Last verified: 2026-04-24. DeepSeek AI Guide is an independent resource and is not affiliated with DeepSeek or its parent company. Model IDs, pricing and API behaviour change; check the official DeepSeek documentation and pricing page before committing to a production decision.
DeepSeek R1 FAQ
Is DeepSeek R1 still available in 2026?
Yes, in two forms. The open weights remain on Hugging Face under MIT, and self-hosting is the durable route. On the hosted API, `deepseek-reasoner` still works but routes to `deepseek-v4-flash` in thinking mode and retires on July 24, 2026 at 15:59 UTC. Plan your migration early; the swap is documented in the DeepSeek API documentation.
How does DeepSeek R1 compare to OpenAI o1?
On DeepSeek’s R1 technical report benchmarks, R1 slightly surpassed OpenAI-o1-1217 on AIME 2024 (79.8% Pass@1) and matched it on MATH-500 (97.3%), while trailing on GPQA Diamond (71.5% vs 75.7%) and MMLU (90.8 vs 91.8). The tie-breaker for most buyers was open weights under MIT. See the head-to-head DeepSeek R1 vs OpenAI o1 write-up for more detail.
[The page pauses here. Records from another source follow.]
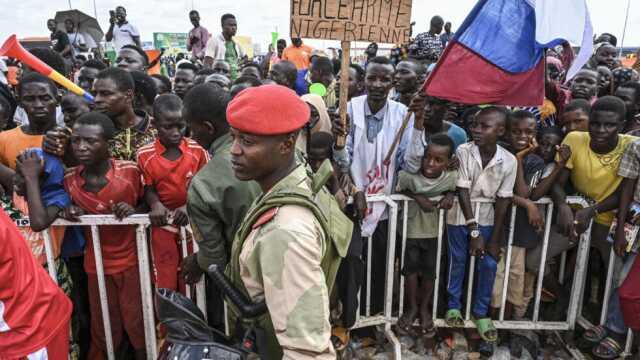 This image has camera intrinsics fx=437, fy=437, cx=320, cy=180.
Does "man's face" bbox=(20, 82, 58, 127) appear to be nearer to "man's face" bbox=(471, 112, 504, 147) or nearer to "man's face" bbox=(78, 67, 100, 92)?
"man's face" bbox=(78, 67, 100, 92)

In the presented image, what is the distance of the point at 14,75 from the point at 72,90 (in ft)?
17.5

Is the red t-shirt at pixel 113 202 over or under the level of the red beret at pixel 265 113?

What did it cost to train DeepSeek R1?
DeepSeek disclosed $294,000 for R1’s reasoning-focused training run on a 512-chip H800 cluster, in a peer-reviewed Nature paper in September 2025. That figure excludes the roughly $6 million cost of the base model R1 was built on, and some analysts argue the true all-in number is substantially higher. For the broader release history, see the DeepSeek history guide.
Can I still use the deepseek-reasoner model ID?
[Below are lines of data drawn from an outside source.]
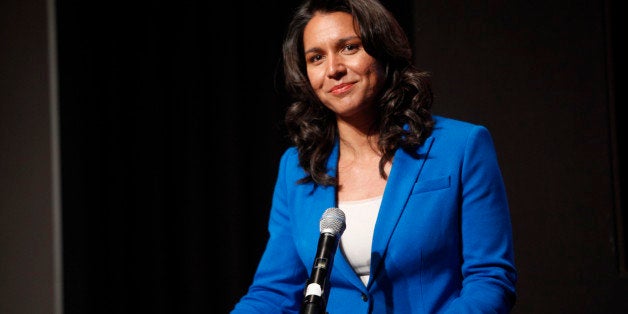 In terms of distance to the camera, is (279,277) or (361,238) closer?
(361,238)

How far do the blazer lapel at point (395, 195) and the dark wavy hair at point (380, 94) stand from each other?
37 millimetres

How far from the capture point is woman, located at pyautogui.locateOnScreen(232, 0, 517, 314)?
1.37 meters

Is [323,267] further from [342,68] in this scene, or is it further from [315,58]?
[315,58]

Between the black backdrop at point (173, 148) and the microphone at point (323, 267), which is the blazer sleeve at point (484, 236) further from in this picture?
the black backdrop at point (173, 148)

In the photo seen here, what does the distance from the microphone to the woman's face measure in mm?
→ 534

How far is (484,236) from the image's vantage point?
4.39ft

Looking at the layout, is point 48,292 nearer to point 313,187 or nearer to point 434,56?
point 313,187

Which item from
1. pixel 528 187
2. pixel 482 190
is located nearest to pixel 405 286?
pixel 482 190

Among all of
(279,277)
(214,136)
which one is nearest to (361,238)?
(279,277)

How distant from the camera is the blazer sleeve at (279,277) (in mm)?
1534

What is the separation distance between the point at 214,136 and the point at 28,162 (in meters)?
0.76

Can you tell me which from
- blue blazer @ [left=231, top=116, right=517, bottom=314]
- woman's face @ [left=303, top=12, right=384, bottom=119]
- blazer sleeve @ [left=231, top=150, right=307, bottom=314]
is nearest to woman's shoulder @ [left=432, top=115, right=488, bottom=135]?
blue blazer @ [left=231, top=116, right=517, bottom=314]

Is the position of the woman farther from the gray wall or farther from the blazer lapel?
the gray wall

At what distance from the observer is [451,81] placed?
2.45 metres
Yes, until July 24, 2026 at 15:59 UTC. Until that cutoff, `deepseek-reasoner` routes to `deepseek-v4-flash` with thinking enabled, and `deepseek-chat` routes to `deepseek-v4-flash` in non-thinking mode. Migration is a one-line `model=` swap — the `base_url` does not change. Walk through the V4 parameters on the DeepSeek V4-Flash model page.
Is DeepSeek R1 free to use?
The weights are free under MIT, so self-hosted use is free except for hardware. The hosted API is pay-per-token at V4-Flash rates while the legacy IDs still work, and the web chat has no published daily message cap but operates under the provider’s current limits. For a clear breakdown of what “free” actually means, see is DeepSeek free.